When you encounter a play about Dungeons & Dragons, the question naturally arises, is this a respectful treatment of the subject, or part of the recent pop-culture trend of geek appropriation? With She Kills Monsters, you’re in good hands with playwright Qui Nguyen, whose website proclaims him “Playwright, Screenwriter, Geek!” No nerds were harmed in this production by Buzz22 Chicago, part of Steppenwolf’s Garage Rep program.

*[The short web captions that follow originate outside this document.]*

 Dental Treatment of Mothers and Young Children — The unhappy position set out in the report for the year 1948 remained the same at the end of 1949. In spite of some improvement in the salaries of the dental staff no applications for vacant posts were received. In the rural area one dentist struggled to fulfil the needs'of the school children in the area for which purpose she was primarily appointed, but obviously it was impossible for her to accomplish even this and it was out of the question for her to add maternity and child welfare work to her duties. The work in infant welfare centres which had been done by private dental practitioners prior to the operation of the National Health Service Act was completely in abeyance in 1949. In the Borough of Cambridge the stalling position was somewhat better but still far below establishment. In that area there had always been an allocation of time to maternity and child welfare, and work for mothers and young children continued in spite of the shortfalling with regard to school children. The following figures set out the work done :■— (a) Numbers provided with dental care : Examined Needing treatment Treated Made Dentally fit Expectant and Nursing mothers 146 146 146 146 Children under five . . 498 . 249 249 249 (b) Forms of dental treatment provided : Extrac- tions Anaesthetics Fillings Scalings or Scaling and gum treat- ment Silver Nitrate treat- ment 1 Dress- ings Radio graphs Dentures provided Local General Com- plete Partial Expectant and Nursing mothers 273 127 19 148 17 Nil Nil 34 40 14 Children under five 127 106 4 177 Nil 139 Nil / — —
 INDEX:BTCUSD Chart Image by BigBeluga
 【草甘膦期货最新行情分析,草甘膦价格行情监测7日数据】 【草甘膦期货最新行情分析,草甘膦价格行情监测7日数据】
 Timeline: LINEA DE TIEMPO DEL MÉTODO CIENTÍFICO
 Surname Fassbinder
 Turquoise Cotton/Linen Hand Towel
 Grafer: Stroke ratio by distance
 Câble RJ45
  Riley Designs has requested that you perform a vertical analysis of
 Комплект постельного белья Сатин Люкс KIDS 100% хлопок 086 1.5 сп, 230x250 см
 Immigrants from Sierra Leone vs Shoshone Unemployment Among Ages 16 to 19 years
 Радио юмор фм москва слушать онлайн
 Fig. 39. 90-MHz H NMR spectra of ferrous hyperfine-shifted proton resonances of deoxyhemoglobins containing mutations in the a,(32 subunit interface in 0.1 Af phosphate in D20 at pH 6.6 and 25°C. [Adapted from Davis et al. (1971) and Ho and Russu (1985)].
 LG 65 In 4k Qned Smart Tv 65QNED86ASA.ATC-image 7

As the story opens, the very normal Agnes, a high school English teacher, is packing up the belongings of her geeky little sister Tilly, who has recently died. When Agnes finds a notebook full of strange writings she doesn’t understand, she takes it to the local comic book guy to see if he can shed some light. The guy tells her it’s a Dungeons & Dragons homespun module written by Tilly … and if Agnes wants, he can help her play it. Desperate for any link to Tilly, Agnes undertakes the challenge.
As Agnes enters into the adventure and meets Tilly, they go to see Orcus, the demonic keeper of lost souls. Orcus turns out to be a softy and total slacker, who would give them Tilly’s soul if he had it. Unfortunately he sold it to a five-headed dragon in exchange for a combo TV-VCR, which he uses to keep up with 90’s must-see TV. Taking Orcus along, they meet two more party members along the way, a dark elf and a demon queen. (Or possibly a Tiefling.)
As the party progresses through the story, they encounter familiar D&D monsters including a beholder, mind flayer, bugbears, and some atypical ones including a homicidal woodland fairy. The monsters are imaginatively rendered using puppets, and the fight choreography is good. Even better is a dance-off against a pair of demonic mean-girl succubus cheerleaders.
The action cuts back and forth between the adventure and Agnes’ real life with her boyfriend and teaching job. As lines start blurring between the game and real life, Agnes starts cracking up, yelling inappropriately at students. She wrestles with some unexpected revelations, and struggles terribly with the fact that Tilly is both real and not-real.